The debatable debate

Thousands of historic photographs are being lost. Pictured, Dolores Ibarruri. CREDIT: Wikimedia Commons.

IT was typical of the state of politics everywhere, and especially Spanish politics, that there had to be a debate about the debate.

It was a let-down anyway, because Spain’s Electoral Committee decided that Vox couldn’t have its say along with Sanchez, Casado, Rivera and Iglesias because the rabidly ultra-rightwing party does not have parliamentary representation.

The argument that it definitely will after April 28 carried no weight and Sanchez’s attempt to circumnavigate the veto by holding the debate on the private Atresmedia channel backfired.

In the event the four held forth on the state broadcaster TVE as well as Atresmedia but what they had to say paled into insignificance compared with getting them there.

Supposedly it’s better to travel hopefully than to arrive, and it was more riveting to follow the politics of arranging the debatable debates than actually hearing them. 

The Moncloa syndrome

JEREMY CORBYN is likely to refuse to move into Number 10 should he win the next general election.

He would tell Whitehall chiefs “I’ll be happier at home” if he ever became PM, according to the Daily Mail.

That’s what Mariano Rajoy said when the Partido Popular won Spain’s general elections in 2011.

He had no wish to move into the Moncloa Palace with his wife and two sons, he said, but was told that remaining in his own home would be unworkable and a security risk.

Given the unfortunate possibility that Corbyn could win Britain’s next general election, doubtless he will be told the same thing.

When Adolfo Suarez was named president in 1976, the seat of government was still located in Paseo de la Castellana in the centre of Madrid although he lived in his own home.

This was soon deemed unpractical, again on security grounds, and the government offices, together with Suarez and his family, moved to the Moncloa palace.

But Suarez, like others who followed, was eventually afflicted by the notorious Moncloa syndrome brought on by isolation, adulation and boredom.

Funny place, Moncloa: everybody wants to get there but nobody likes it once they’re in.

A dogmatic travesty

THE election campaign brought us the spectacle of a PP politician campaigning in Cataluña and declaring “No Pasaran!”

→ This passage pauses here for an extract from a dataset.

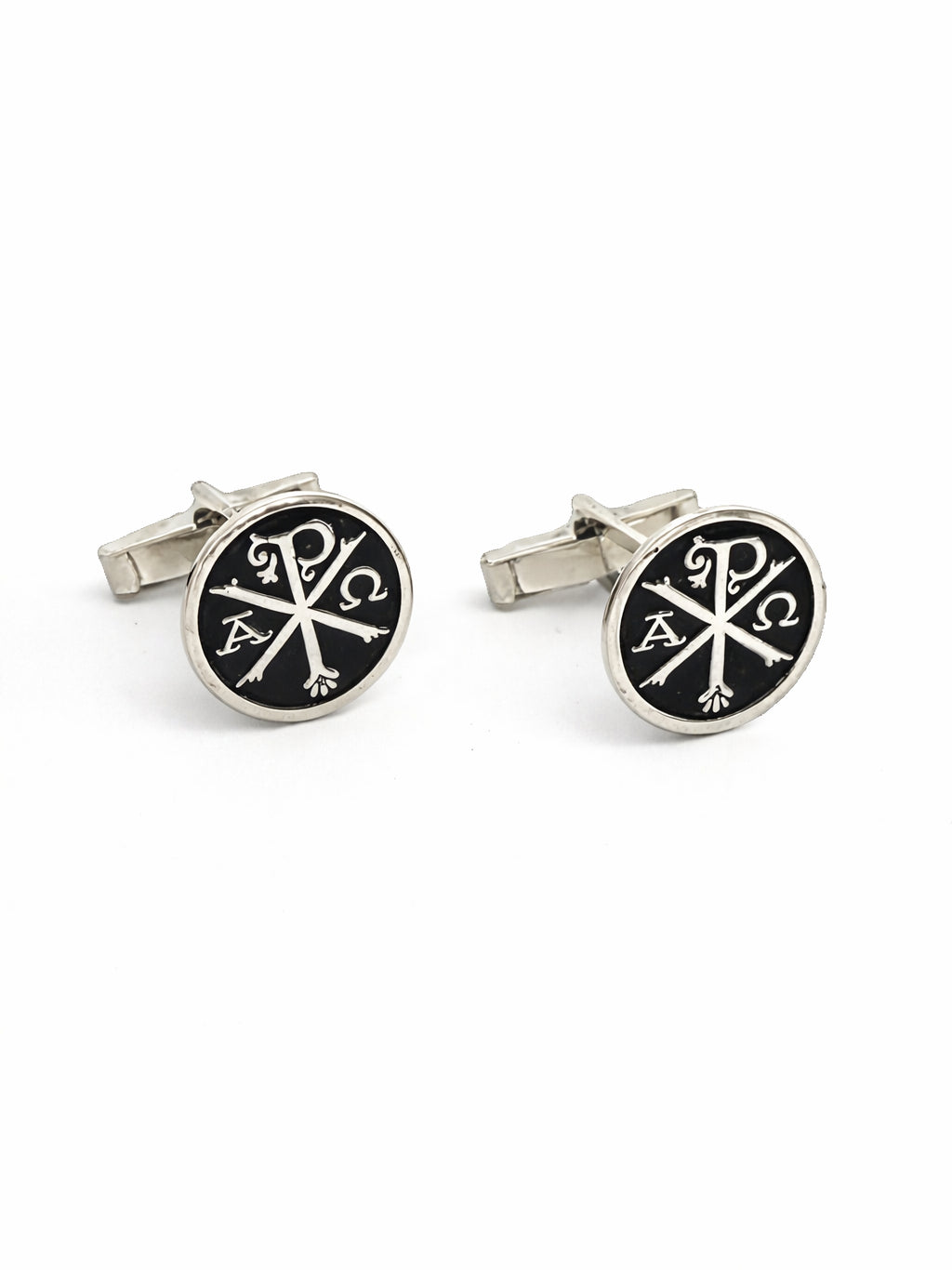 Russian Cross Cufflinks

Presumably he was referring to the pro-independence parties hoping for a Catexit but he was saying it 83 years too late in the wrong context.

And Dolores Ibarruri must have been turning in her grave to hear her words turned into a dogmatic travesty.

Time for reflection

WHO would have thought it?  Pablo Iglesias lauding the Constitution and pledging to fulfil and not demolish it during the pre-election debates!

After all, not so long ago, he was agitating to boot out the Generation of ’78 but

changing nappies for several months while on paternity leave must have given the Podemos supremo time to reflect.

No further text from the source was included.